1

I am struggling to find the error in my flocculation function.

The goal of the function is to take a list and chunk each group of contiguous values into a single value. For example...

[1, 4, 4, 2, 0, 3, 3, 3] => [1, 4, 2, 0, 3]

The function as it stands now is...

def flocculate(array):
    for index1, val1 in enumerate(array):
        if val1 == 0 or not not val1:
            new_array = array[index1+1:]
            for index2, val2 in enumerate(new_array):
                if array[index1] == val2:
                    array[index1 + index2 + 1] = False
                else:
                    break
    return [value for value in array if type(value) is not bool]

However, it doesn't seem to handle zeros very well.

For example, the input shown below gets some of the zeros correct, but misses some others...

[2, 4, 4, 0, 3, 7, 0, 2, 2, 2, 8, 0, 0, 0] => [2, 4, 3, 7, 0, 2, 8, 0]

John Y
  • 14,123
  • 2
  • 48
  • 72
J. Munson
  • 2,275
  • 2
  • 17
  • 22
  • what's the correct output for an input that repeats a group of number later on? e.g. `[1, 4, 4, 2, 0, 3, 3, 3, 1, 1, 4, 2, 0, 0, 8, 3, 3, 0]` – airstrike Jun 16 '17 at 00:13
  • When you get to a resolution, please remember to up-vote useful things and accept your favourite answer (even if you have to write it yourself), so Stack Overflow can properly archive the question. – Prune Jun 16 '17 at 16:06
  • 1
    Yo @Prune you got my upvote dawg! I just don't have enough stackoverflow street cred yet for my votes to be displayed publicly. That's what stackoverflow tells me anyway. Actually every answer has been pretty dope in its own way. Yours because it was simple and elegant. d-gillis for pointing out flaws in my original code. And peter-de-rivaz, at four whole votes, for pointing out what seems to be the canonical python way of floccing some data. Thanks guys, you rock – J. Munson Jun 17 '17 at 07:00

3 Answers3

6

I think you may be looking for itertools.groupby.

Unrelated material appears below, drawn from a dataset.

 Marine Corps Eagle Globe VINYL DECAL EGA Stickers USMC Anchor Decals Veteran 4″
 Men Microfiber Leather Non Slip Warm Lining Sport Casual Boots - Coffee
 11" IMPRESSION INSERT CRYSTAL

This function collects similar items (similarity defined by an optional key function).

For example:

import itertools

def flocculate(A):
    return [k for k,g in itertools.groupby(A)]

print flocculate([2, 4, 4, 0, 3, 7, 0, 2, 2, 2, 8, 0, 0, 0])
print flocculate([1, 4, 4, 2, 0, 3, 3, 3])

prints:

[2, 4, 0, 3, 7, 0, 2, 8, 0]
[1, 4, 2, 0, 3]
Peter de Rivaz
  • 33,126
  • 4
  • 46
  • 75
3

I deleted my original answer; I finally understood "flocculate" in this context. Sorry ... I'm blinded by several years in ceramics.

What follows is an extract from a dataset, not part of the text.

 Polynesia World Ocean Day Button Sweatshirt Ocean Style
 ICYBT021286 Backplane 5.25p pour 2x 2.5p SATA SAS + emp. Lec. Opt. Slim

You're going to too much work, tagging things that do or don't match. SImply build a new list from the original. Add only Items that do not match the previous one.

test_list = [
    [1, 4, 4, 2, 0, 3, 3, 3],
    [2, 4, 4, 0, 3, 7, 0, 2, 2, 2, 8, 0, 0, 0],
    [-122, 4, 14, 0, 3, 7, 0, 2, 2, -2, 8, 0, 0, 0, 9999]
]

def flocculate(array):
#    return list(set(array))
    result = []
    last = None
    for i in array:
        if i != last:
            result.append(i)
            last = i
    return result

for array in test_list:
    print array, "\n    =>", flocculate(array)

Output:

[1, 4, 4, 2, 0, 3, 3, 3] 
    => [1, 4, 2, 0, 3]
[2, 4, 4, 0, 3, 7, 0, 2, 2, 2, 8, 0, 0, 0] 
    => [2, 4, 0, 3, 7, 0, 2, 8, 0]
[-122, 4, 14, 0, 3, 7, 0, 2, 2, -2, 8, 0, 0, 0, 9999] 
    => [-122, 4, 14, 0, 3, 7, 0, 2, -2, 8, 0, 9999]
Prune
  • 76,765
  • 14
  • 60
  • 81
  • Wow, so much more simple than the route I was going. If anyone is aware of a more proper term for this sort of algorithm, please let us all know. Because googling "flocculation algorithm" was very unhelpful! – J. Munson Jun 16 '17 at 06:51
3

Changing your first if-statement to if val1 is not False: fixes the problem. That said, I would highly recommend following Prune's answer instead. The method of comparing each element in the list to the previous element is much simpler. (And it also has the virtue of not mutating the input list.)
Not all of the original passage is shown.